Pursuant to Clause 1, Article 153 of the Enterprise Law 2020, the Board of management is the governing body of the company and has full authority on behalf of the company to decide and perform the rights and obligations of the company, except for the rights and obligations falling under the authority of the General Meeting of Shareholders.
Therefore, the issue of organizing a meeting of the Board of management is a mandatory and extremely necessary activity in order to provide solutions and decisions on issues related to the company. In order to organize a meeting of the Board of management well, the company needs to comply with the regulations on the method of convening, conducting as well as the content of documents in the meeting. Based on current legal regulations (the Law on Enterprises 2020), we would like to advise and answer some basic issues as follows:
1. When to convene a meeting of the Board of management
According to Clauses 2 and 3, Article 157 of the Law on Enterprises 2020, the chairman of the Board of management convenes a meeting of the Board of management in the following cases:
- Regular meeting of the Board of management (held at least once a quarter);
- At the request of the Supervisory Board or an independent member of the Board of management;
- At the request of the Director or General Director or at least 05 other managers;
- At the request of at least 02 members of the Board of Directors;
- Other cases prescribed by the company's Charter.

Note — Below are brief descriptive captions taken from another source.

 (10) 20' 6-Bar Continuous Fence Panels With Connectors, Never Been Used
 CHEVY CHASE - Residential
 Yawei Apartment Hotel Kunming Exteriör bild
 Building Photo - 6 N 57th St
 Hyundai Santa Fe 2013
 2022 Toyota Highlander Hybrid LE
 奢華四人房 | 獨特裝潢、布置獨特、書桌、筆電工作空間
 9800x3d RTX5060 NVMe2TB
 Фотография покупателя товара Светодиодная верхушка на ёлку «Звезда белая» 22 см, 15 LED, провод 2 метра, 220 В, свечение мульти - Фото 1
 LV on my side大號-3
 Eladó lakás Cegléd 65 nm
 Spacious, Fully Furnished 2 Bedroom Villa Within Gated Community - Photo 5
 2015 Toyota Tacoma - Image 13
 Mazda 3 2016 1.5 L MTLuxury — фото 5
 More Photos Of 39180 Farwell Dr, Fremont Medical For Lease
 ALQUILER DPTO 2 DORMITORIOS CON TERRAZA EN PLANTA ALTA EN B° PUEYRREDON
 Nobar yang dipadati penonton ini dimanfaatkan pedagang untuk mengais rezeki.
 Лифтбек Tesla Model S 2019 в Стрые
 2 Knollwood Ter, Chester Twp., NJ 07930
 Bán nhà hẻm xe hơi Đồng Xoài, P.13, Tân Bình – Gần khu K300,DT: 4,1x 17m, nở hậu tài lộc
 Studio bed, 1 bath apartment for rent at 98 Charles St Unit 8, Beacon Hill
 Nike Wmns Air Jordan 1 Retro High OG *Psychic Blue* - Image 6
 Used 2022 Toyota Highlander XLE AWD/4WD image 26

The Chairman of the Board of management must convene a meeting of the Board of management within 07 working days from the date of receipt of the request, in case of failure to convene at this request, the Chairman of the Board of management shall be responsible for the damage caused to the company; The requester has the right to replace the Chairman of the Board of management to convene a meeting of the Board of management.
2. Steps to conduct a meeting of the Board of management:
Step 1: Sending the meeting invitations
Timeline: at least 03 working days before the meeting date, unless otherwise provided for in the company's Charter
Requirements on meeting invitations: must specify the time and place of the meeting, the agenda, issues for discussion and decision. Documents used at the meeting and the member's voting slip must be attached to the meeting invitation notice.
The notice of meeting invitation can be sent by invitation letter, phone, fax, electronic means (or other methods prescribed by the company's Charter) and is guaranteed to reach the contact address of each member of the Board of management registered at the company.
Step 2: Conducting the meeting of the Board of management
2.1. Conditions for the meeting to be conducted
There are 3/4 of the total number of members attending the meeting. In case there are not enough members to attend the meeting, the meeting shall be reconvened for a second time within 07 days from the intended date of the first meeting (unless the company's Charter provides for a shorter time limit), if more than half of the members of the Board of management attend the meeting, the meeting shall be conducted.
2.2. Attending and voting at the meeting
Members of the Board of management are considered to attend and vote at the meeting when:
- Attending and voting directly at the meeting;
- Authorizing others to attend the meeting and vote (must be approved by a majority of the members of the Board of management);
- Attending and voting through videoconferences, electronic voting or other electronic means;
- When sending votes to the meeting by mail (must be put in a sealed envelope, delivered to the Chairman of the Board of management no later than 1 hour before the meeting opening and can only be opened in the presence of all meeting participants), facsimile, email;
- Sending votes by other means as prescribed in the company's Charter.
2.3. How to pass resolutions and decisions
Resolutions and decisions of the Board of management shall be passed if approved by the majority of members attending the meeting.
In case the number of votes is equal, the final decision belongs to the side with the opinion of the Chairman of the Board of management.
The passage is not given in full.